The thing is, times change. And people's attitudes change. Support for marriage equality — and for LGBTQ equality in general — is at an all-time high.
So whereas 10-15 years ago, the law might have been met with a shrug, in 2015, it ignited a massive uproar.
Celebrities and well-known writers called for boycotts.
Other states and cities banned officially sanctioned travel to Indiana.
Indiana business owners opposed to the law set up Open4Serv to support LGBTQ-friendly companies in the state.
Indianapolis' Republican mayor came out fiercely against the law.
"Our city thrives because we have welcomed and embraced diversity. And RFRA threatens what thousands of people have spent decades building.

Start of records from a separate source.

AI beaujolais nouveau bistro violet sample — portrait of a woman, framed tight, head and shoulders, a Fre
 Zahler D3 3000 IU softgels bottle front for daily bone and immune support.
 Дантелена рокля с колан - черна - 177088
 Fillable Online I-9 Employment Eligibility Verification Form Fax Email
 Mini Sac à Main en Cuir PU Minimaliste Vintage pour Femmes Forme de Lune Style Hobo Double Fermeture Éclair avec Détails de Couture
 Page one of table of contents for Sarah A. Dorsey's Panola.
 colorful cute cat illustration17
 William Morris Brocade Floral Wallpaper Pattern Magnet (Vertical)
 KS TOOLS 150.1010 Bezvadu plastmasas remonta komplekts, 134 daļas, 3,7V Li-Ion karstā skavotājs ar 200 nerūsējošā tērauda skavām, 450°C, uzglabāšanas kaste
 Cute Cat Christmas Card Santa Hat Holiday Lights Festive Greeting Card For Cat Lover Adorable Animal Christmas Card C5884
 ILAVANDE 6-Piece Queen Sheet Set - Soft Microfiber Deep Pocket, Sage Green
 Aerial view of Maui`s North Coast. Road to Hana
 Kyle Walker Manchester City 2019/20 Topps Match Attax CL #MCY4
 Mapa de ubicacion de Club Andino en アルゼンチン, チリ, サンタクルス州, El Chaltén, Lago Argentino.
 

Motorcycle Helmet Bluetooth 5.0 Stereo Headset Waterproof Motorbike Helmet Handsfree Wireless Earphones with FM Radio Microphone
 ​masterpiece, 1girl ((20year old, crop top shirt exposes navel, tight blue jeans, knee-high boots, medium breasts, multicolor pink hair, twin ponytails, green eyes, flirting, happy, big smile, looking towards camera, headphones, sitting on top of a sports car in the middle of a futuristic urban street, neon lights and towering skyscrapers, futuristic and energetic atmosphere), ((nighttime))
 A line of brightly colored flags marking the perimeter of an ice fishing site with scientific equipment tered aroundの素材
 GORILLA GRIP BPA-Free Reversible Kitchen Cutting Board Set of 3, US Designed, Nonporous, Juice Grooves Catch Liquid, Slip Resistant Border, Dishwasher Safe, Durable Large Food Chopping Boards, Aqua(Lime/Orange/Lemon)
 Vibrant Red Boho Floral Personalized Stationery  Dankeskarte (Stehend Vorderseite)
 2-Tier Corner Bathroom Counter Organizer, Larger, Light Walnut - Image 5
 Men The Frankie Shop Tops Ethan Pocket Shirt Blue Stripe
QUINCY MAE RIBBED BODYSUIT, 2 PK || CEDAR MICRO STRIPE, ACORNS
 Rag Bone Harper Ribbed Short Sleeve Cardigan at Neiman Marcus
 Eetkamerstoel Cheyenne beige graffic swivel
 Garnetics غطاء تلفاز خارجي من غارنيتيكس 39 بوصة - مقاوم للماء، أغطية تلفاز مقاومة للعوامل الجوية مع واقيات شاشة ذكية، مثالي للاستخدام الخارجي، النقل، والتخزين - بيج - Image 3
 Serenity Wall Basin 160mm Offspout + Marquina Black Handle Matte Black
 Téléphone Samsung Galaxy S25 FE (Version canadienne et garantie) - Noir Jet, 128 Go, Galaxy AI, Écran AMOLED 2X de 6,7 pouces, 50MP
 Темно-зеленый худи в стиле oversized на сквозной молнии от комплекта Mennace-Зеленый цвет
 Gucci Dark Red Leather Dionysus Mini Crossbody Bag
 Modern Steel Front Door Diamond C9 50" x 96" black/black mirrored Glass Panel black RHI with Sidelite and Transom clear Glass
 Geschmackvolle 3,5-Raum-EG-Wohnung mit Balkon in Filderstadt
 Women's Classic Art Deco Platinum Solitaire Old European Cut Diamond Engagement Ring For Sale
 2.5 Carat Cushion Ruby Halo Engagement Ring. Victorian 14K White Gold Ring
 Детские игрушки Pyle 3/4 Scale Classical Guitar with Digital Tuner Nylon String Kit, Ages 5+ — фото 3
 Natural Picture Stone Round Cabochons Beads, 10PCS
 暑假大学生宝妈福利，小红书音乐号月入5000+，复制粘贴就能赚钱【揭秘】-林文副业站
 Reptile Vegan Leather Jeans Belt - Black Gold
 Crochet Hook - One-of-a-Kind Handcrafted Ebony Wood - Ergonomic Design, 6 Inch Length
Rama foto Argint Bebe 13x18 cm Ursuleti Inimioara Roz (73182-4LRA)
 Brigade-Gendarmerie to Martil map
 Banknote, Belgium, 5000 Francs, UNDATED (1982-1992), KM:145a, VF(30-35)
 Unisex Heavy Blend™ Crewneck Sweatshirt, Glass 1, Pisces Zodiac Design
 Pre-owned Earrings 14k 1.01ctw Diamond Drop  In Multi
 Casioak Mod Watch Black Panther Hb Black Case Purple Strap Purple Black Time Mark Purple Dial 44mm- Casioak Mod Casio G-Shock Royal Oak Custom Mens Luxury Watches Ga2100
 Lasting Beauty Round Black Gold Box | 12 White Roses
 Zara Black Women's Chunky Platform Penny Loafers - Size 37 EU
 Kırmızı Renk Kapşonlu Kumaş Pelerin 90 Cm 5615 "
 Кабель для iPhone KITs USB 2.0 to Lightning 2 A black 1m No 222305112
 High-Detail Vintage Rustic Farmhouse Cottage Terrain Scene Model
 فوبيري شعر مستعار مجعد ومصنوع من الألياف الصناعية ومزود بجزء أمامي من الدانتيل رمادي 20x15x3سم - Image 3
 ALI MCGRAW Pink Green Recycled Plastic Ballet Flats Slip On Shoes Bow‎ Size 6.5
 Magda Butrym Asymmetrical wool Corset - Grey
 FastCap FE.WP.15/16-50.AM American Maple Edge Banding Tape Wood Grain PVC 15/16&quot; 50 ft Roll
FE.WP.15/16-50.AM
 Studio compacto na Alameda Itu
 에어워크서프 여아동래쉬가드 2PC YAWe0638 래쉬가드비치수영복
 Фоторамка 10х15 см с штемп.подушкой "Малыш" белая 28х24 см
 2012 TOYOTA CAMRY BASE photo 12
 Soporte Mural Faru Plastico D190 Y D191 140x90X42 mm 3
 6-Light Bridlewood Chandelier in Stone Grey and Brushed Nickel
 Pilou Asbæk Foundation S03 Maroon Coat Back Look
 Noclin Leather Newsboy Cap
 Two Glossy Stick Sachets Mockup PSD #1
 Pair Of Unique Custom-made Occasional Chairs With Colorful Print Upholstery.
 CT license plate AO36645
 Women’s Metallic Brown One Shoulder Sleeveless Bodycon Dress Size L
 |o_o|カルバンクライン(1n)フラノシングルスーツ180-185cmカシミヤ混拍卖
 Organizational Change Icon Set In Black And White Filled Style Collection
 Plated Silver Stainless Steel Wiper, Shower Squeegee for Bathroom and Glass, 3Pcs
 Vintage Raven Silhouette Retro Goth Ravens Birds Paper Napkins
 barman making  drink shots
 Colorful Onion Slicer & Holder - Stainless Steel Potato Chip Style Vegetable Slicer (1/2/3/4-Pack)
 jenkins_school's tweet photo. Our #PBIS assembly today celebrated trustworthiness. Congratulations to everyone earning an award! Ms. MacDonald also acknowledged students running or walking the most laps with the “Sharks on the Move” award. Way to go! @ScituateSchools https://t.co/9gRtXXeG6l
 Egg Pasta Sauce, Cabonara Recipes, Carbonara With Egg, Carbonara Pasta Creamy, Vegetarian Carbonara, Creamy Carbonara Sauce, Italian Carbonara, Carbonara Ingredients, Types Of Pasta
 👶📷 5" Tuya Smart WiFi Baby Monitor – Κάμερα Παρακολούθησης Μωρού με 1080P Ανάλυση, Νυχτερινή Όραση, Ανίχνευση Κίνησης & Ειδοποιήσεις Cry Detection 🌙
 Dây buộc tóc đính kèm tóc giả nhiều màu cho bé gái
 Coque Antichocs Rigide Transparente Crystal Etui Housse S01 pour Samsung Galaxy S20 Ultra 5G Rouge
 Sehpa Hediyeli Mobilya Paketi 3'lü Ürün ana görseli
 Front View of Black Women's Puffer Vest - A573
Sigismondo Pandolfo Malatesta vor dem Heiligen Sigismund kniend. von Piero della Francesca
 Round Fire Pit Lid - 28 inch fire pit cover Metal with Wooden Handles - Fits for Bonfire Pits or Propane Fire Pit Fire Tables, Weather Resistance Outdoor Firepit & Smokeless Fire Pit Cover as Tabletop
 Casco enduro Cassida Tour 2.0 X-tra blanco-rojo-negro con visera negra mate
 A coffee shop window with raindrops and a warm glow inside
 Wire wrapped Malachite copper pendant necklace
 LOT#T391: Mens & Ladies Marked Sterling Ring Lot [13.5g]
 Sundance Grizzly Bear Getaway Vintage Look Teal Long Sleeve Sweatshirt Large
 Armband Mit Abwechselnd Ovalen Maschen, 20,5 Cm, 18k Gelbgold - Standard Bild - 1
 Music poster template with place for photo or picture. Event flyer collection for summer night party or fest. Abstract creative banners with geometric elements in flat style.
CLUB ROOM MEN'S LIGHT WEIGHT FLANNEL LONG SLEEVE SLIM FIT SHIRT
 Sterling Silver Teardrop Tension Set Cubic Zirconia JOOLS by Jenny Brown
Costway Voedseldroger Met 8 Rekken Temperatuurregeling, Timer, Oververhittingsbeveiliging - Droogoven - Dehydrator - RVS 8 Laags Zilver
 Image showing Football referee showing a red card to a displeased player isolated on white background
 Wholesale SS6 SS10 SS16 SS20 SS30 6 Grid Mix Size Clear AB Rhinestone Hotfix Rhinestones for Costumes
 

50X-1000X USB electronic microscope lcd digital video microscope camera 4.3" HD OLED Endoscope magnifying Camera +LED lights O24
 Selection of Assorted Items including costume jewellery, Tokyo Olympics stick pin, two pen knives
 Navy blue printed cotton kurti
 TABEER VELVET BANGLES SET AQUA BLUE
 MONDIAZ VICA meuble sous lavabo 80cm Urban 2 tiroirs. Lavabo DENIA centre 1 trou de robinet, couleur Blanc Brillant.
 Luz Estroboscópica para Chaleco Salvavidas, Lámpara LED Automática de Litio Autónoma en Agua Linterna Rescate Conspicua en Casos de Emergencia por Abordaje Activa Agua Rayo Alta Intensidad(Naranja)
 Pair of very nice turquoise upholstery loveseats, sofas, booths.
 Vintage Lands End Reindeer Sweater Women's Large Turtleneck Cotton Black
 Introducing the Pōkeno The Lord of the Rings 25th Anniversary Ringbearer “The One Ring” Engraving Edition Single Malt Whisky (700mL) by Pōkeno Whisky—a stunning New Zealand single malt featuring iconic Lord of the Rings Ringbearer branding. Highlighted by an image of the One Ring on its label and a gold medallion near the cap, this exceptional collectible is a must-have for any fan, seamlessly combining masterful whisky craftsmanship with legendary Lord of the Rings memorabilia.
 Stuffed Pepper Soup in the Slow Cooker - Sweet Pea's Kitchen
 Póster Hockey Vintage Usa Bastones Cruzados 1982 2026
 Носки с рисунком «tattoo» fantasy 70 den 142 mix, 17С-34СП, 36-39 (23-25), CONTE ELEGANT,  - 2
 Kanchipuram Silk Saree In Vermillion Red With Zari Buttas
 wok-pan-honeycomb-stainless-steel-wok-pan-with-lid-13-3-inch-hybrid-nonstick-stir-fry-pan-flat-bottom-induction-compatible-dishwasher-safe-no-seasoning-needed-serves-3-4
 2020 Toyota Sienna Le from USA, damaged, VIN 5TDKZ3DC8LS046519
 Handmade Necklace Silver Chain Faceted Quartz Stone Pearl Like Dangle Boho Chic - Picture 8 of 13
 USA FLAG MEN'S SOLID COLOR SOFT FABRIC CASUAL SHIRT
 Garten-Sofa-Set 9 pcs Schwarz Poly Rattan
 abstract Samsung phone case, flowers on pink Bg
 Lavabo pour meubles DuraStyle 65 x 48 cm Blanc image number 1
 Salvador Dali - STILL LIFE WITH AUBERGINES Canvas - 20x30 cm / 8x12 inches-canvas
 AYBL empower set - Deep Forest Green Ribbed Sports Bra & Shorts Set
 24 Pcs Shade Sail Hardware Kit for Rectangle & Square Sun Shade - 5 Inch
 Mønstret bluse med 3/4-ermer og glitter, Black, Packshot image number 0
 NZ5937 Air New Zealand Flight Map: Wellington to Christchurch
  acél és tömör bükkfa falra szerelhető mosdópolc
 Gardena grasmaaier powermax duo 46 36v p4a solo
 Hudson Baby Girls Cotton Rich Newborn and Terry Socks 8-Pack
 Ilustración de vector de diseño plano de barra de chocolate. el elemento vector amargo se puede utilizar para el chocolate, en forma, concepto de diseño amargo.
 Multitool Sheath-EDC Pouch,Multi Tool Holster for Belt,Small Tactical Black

Discrimination is wrong. And I hope that message is being heard loud and clear at our Statehouse." — Indianapolis Mayor Greg Ballard, Indianapolis Star
And in an extremely rare move, Indiana's biggest paper published an editorial on the front page, calling for the governor to amend the law to explicitly prevent discrimination against LGBTQ folks.
"We are at a critical moment in Indiana's history.
And much is at stake.
Our image. Our reputation as a state that embraces people of diverse backgrounds and makes them feel welcome. And our efforts over many years to retool our economy, to attract talented workers and thriving businesses, and to improve the quality of life for millions of Hoosiers.
All of this is at risk because of a new law, the Religious Freedom Restoration Act, that no matter its original intent already has done enormous harm to our state and potentially our economic future.
The consequences will only get worse if our state leaders delay in fixing the deep mess created.
Half steps will not be enough. Half steps will not undo the damage.
Only bold action — action that sends an unmistakable message to the world that our state will not tolerate discrimination against any of its citizens — will be enough to reverse the damage." — Indianapolis Star editorial, March 31, 2015
And while some people didn't think the editorial went quite far enough...
(Who IS that idiot? Oh right. It was me).
...it was still a gutsy move.
Indeed, 10-15 years ago, this all probably would have blown over. It might have even met with a decent amount of support.
But this time is different.
And thanks to the efforts of LGBTQ folks and their allies in and out of state, Indiana's lawmakers are just starting to wake up to the fact that they screwed up.